Il n’est rien arrivé non plus aux adultes et adolescents qui ont dormi, parfois plusieurs nuits d’affilée, dans le réduit de terre situé sous la chapelle. Une trappe de trois planches en masque l’accès. Elle est toujours là, le réduit aussi. On se contorsionne pour y descendre, on n’y tient pas debout, la lumière n’y existe plus et les chuchotements traversent les lattes du vieux parquet solide. On peine à imaginer la promiscuité vécue par celles qui s’y sont réfugiées en craignant une rafle. Elles ont été jusqu’à sept dans cet espace minuscule. « Cette trappe, c’est mon cauchemar », a témoigné Annie Beck auprès de Jean-Pierre Denis.
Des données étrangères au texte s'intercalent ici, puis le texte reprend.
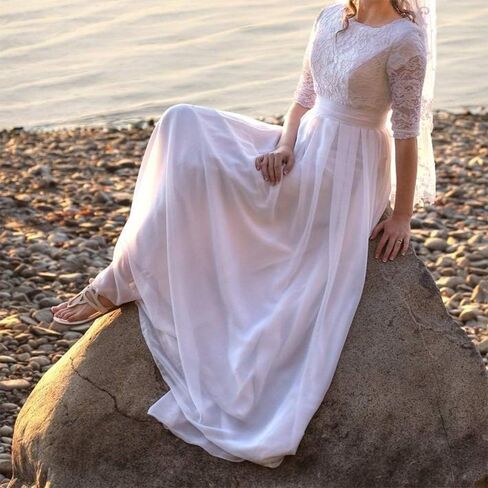 Miao Duo Women's Elegant Lace Beach Wedding Dresses for Bride 2023 with Sleeves Wedding Bridal Gowns Style01 in Saudi Arabia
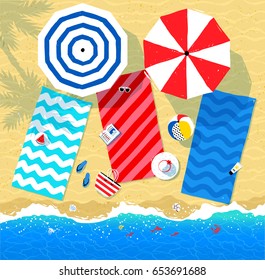 Vector top view illustration of beach summer accessories and sea surf.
Annie Beck a aussi livré un récit poignant de son histoire, en avril 2022, lors d’un événement à Capdenac-Gare.

Cette histoire, ce couvent, ces femmes d’honneur que furent Denise Bergon et Marguerite Roques seront au cœur du troisième chapitre du livre. Isidore et Simone étaient au maquis de Vabre quand leurs filles étaient en sécurité. Isidore a écrit, en 1947, son témoignage sur l’action de Denise Bergon : « J’atteste avoir appris que Madame Bergon, avec un mépris du danger digne des plus belles traditions françaises, a rempli au milieu de difficultés sans nombre, un grand nombre de missions de sauvetage de personnes alors dites non aryennes, qu’elle a réussi à soustraire aux recherches de la police et de l’ennemi. À cette tâche magnifique, elle a usé prématurément ses forces jusqu’à compromettre sérieusement une santé déjà éprouvée. Je suis heureux de délivrer la présente attestation qui n’est qu’un faible témoignage de notre admiration et notre profonde reconnaissance. » Denise Bergon et Marguerite Roques ont offert à ma grand-mère la possibilité d’avoir « une belle vie » d’amour et de courage. Ces deux Justes m’ont permis d’être là, pour raconter cette histoire et la faire vivre.